Growing up without a telephone
When I was growing up on the family farm on the Callahan
County side of Scranton, Texas in the ‘40s and ‘50s, we didn’t have a
telephone. In fact, a lot of families there did not have telephones.
One of the reasons was probably the economic status of folks
suffering from a long drought and the decline of the family farm. But a primary
reason to go without a telephone was poor phone service. Downtown Scranton, in
Eastland County, was served by Southwestern Bell, which provided their
customers with good phone technology. However, that company’s franchise extended
westward less than a mile just over the county line into Callahan County. Thus,
our area of the Scranton community was beyond that boundary and in the service
territory of a small company situated in Putnam, later to be absorbed by
another small firm in Baird, Texas. This phone company on the Callahan County
side provided poor line maintenance and antiquated equipment.
The phones in use on the rural section of the Putnam system
were big wall units with cranks on the side to generate a ring signal sent down
the line. Everyone was on a party line, perhaps shared by as many as eight
subscribers. Your telephone was assigned an individual ring determined by the
amount of time the crank was turned – two longs and a short– for example. When you
heard your ring, you knew to pick up the phone and answer the call. The problem
was everyone else on the party line could hear the rings, too, and pick up the
phone to listen. It was a perfect gossip system. No need for a warrant to
wiretap.
My mother and dad shopped and conducted business in Cisco,
12 miles to the east. A phone call from our location to Cisco would have been
long distance, a service that generated extra charges back in those days. So,
we went without a telephone. When Granddad Allen, my mother’s father, died, we
were informed of the death via a telephone call to our neighbor across the
road, Mr. Ledbetter, who had a telephone.
Without a phone, I never felt deprived of an opportunity available
to kids living in larger towns and cities. Some kinds of communication may have
been a little slower, but word got around. News was disseminated at the stores and
post office in Scranton, at school, at church and via newspaper mail subscriptions.
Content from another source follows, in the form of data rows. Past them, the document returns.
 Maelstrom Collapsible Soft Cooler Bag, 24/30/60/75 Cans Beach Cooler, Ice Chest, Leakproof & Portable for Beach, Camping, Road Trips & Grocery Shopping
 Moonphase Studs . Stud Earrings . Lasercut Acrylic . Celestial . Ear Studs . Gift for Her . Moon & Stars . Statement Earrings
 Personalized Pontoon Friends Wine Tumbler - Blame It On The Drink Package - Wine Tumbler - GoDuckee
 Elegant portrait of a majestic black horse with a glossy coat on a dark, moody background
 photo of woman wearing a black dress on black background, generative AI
And there was the telephone gossip network. People always showed up to help dig
graves, attend funerals and assist neighbors with emergencies even without telephones to relay the information.
By the time Sue and I married, the Callahan County telephone
system had been modernized, and my parents got a home phone – a desktop model
without the party line – for the first time. My brother Jack and I had
insisted.
Today we have landlines, flip phones, smart phones and
texting. With heads down in our smartphones, we seem to be communicating
endlessly. However, I suspect the quality of interpersonal communication today
is significantly inferior to that from the days when I was a boy growing up in
Callahan County.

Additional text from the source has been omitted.